Posted By:
T206CollectorCan I just get something off my chest -- I really dislike PSA. I have a genuine distate for the PSA product and label. I don't like the little red paper insert and I do not like the semi-transparent holders (do not get me started on the occasional plastic baggy). I also do not like that little PSA logo found in the corner. From their crap holders, to their inconsistent grading, to the people who live in the Matrix of the PSA Set Registry (there are no cards worth owning that are not already PSA graded), it is all just so evil and pretentious.
And I think that's basically my problem. When I read a post about the value and good will that PSA brings to the world it makes me have to run from the room screaming before I mash my keyboard into my computer monitor. They are precisely what you would not want from a grading company if you were going to start one tomorrow from scratch. This is the most obvious thing in the collecting world -- the white elephant in the corner. And yet, because they have critical market share, it's like the big corporate monopoly that continues to keep steamrolling.
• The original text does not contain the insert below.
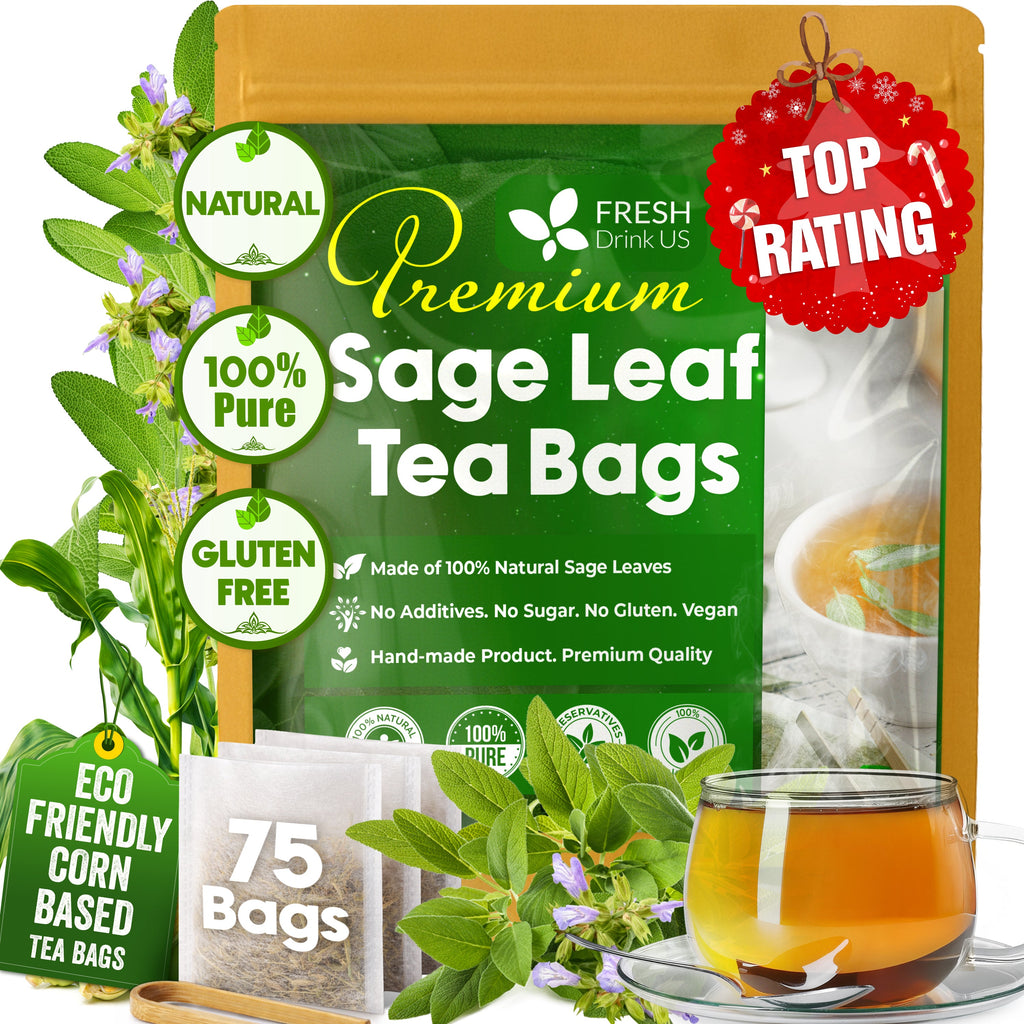 Sage Leaf Tea Bags, 100% Natural & Pure from Sage Leaves. Loose Leaf Sage Herbal Tea. Sage Leaf Tea. Made with Natural Material Tea Bags. No Sugar, No Caffeine, No Gluten, Vegan. | Tea | Wiccan Center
But how anyone can continue to get behind such a vision is really beyond me.
The problem is that there are people out there who have spent millions of dollars on the PSA product, that got too deeply invested in PSA before SGC started and before the real problems with PSA began to arise. These people cannot afford to get their cards out of PSA -- or at least, it would be very costly to get such a valuable collection out of PSA. So it stays there, perched at the top of a PSA set registry somewhere for all the world to see and marvel at.
Only I don't marvel. All I can think of is that when I sent my 40 PSA graded T206 cards in to SGC for crossover status, only 30 made the cut. The other 10? Well, there was a trimmed card and a number of PSA 5's amd 6's that actually had creases that didn't get crossed over either. I hadn't seen the creases until SGC put a big black circle around them (through a plastic sheet of course). Trouble is, PSA didn't see them either -- or didn't care.
So, when I see a PSA set registry, the first thing that comes to my mind is, "I wonder which 25% of those cards were trimmed or have creases." I can't escape it.
And that is why I do not ascribe any certain value to a PSA collection. And that is why I do not buy PSA cards without having them immediately crossed over into an SGC holder.